With his Army service complete, Robbins earned his teaching certificate from Geneva College in 1973 and then returned to Greenville, where he became a teacher and wrestling coach at Greenville High School. Robbins also worked as an insurance agent for Massachusetts Mutual Life Insurance Company.

==Public service==
In 1982, Robbins won election as a Republican to a Mercer County-based seat in the Pennsylvania House of Representatives, and subsequently served four terms in the body.

In 1990, Robbins ran for state senate in the 50th Senate District to replace fellow Republican Roy Wilt, who was retiring. Despite the district's conservative character, Robbins faced a strong challenge from businessmen and Meadville city Councilman Charles W. Flynn, who hoped to ride the coattails of popular Governor Bob Casey to victory. However, despite Casey's overwhelming victory over state Auditor General Barbara Hafer, Robbins prevailed, and has faced little serious opposition since.
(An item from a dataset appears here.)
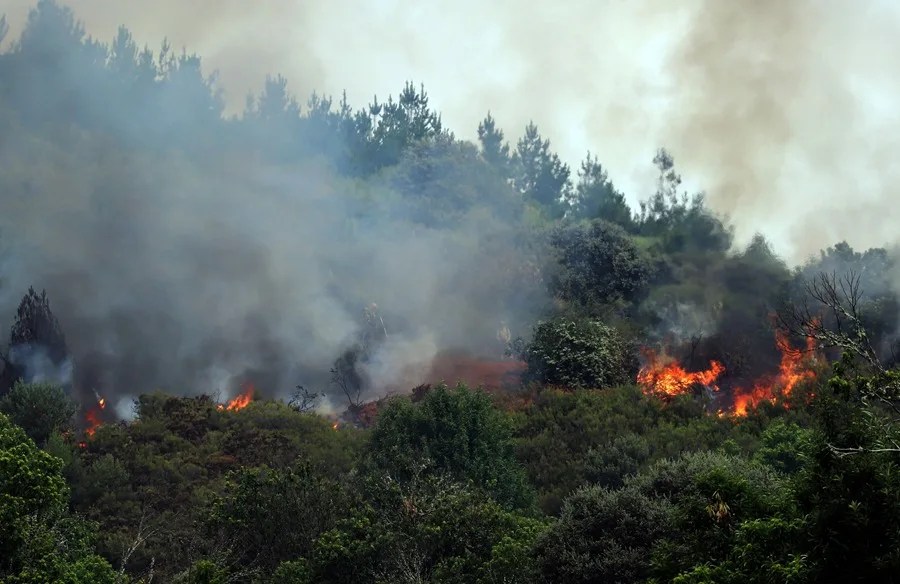 Incendio de Veguellina, en el municipio de Villafranca del Bierzo (León) que afecta a las localidades de San Pedro de Olleros, Moreda y San Martín de Moreda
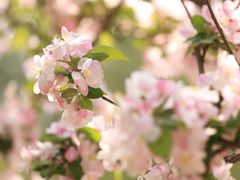 -海棠花溪(元大都城垣遗址公园)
Robbins rose through the ranks of Senate Republicans to become Majority Caucus Secretary. In 2006, he was one of the only members of the Senate leadership to be re-elected after voter anger at the 2005 legislative pay raise knocked out several members of the leadership, including Senate President Pro Tempore Robert Jubelirer and Senate Majority Leader David J. Brightbill.

Robbins most recently served as vice chairman of the Veterans Affairs & Emergency Preparedness Committee, and also serves as chairman of the bipartisan Local Government Commission, vice chairman of the Athletic Oversight Committee, and a member of the Keystone State Games Commission.